[Provided material Boundary: Start]

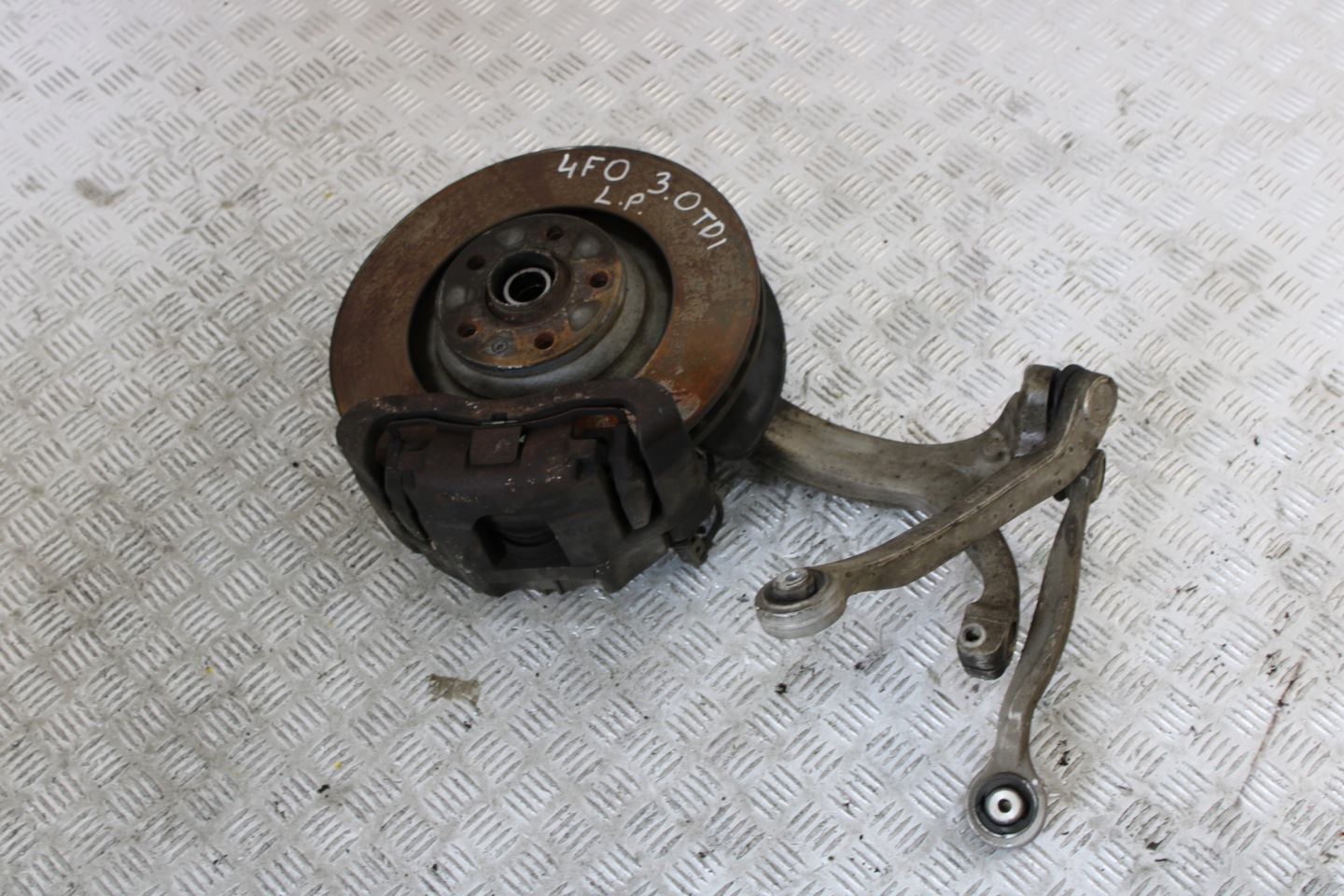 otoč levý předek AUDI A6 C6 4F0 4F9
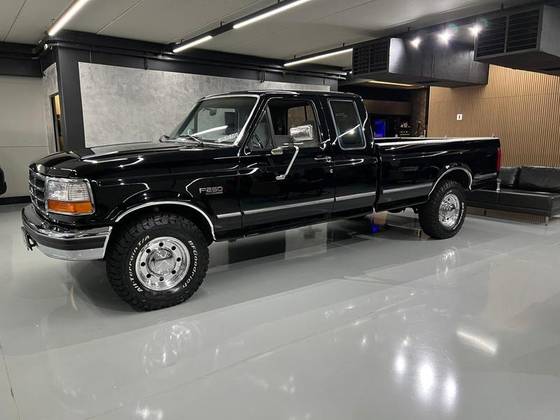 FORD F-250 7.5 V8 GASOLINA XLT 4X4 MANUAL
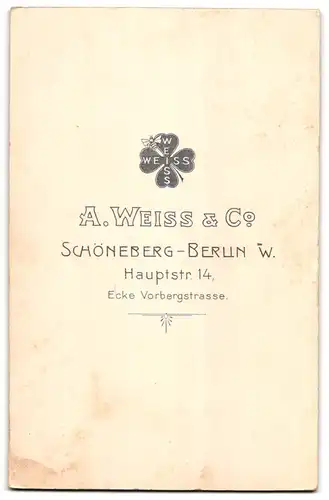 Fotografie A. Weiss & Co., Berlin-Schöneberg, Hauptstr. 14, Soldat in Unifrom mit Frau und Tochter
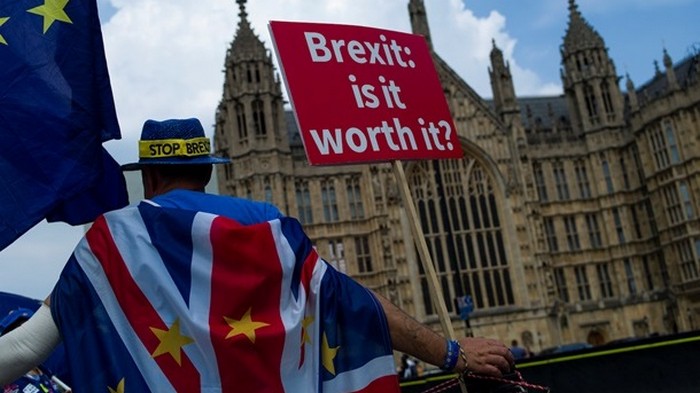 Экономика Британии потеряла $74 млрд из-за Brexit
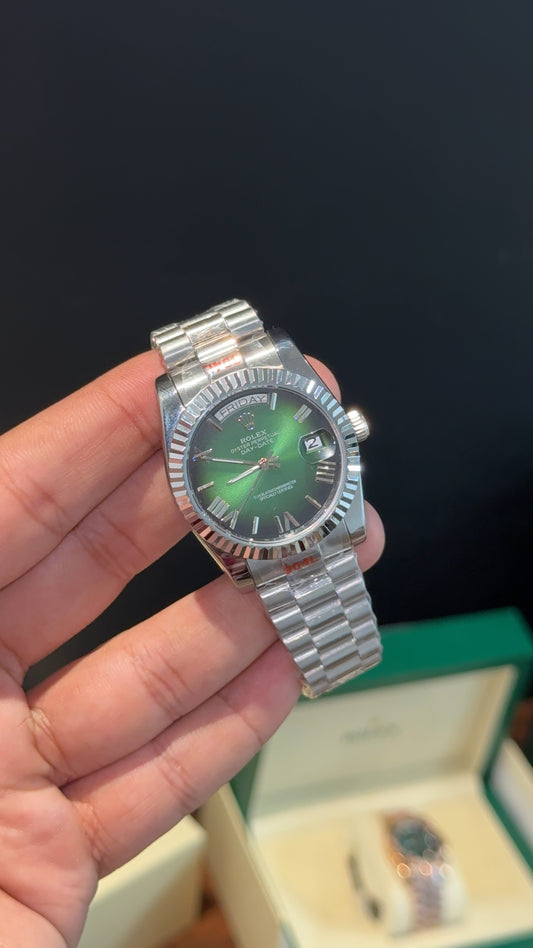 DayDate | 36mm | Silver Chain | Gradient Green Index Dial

[Provided material Boundary: End]

*Instructions for the task*. Exact copies of all the entries, without any pictures, are what the answer must contain.

*Written solution*.
 otoč levý předek AUDI A6 C6 4F0 4F9
 FORD F-250 7.5 V8 GASOLINA XLT 4X4 MANUAL
 Fotografie A. Weiss & Co., Berlin-Schöneberg, Hauptstr. 14, Soldat in Unifrom mit Frau und Tochter
 Экономика Британии потеряла $74 млрд из-за Brexit
 DayDate | 36mm | Silver Chain | Gradient Green Index Dial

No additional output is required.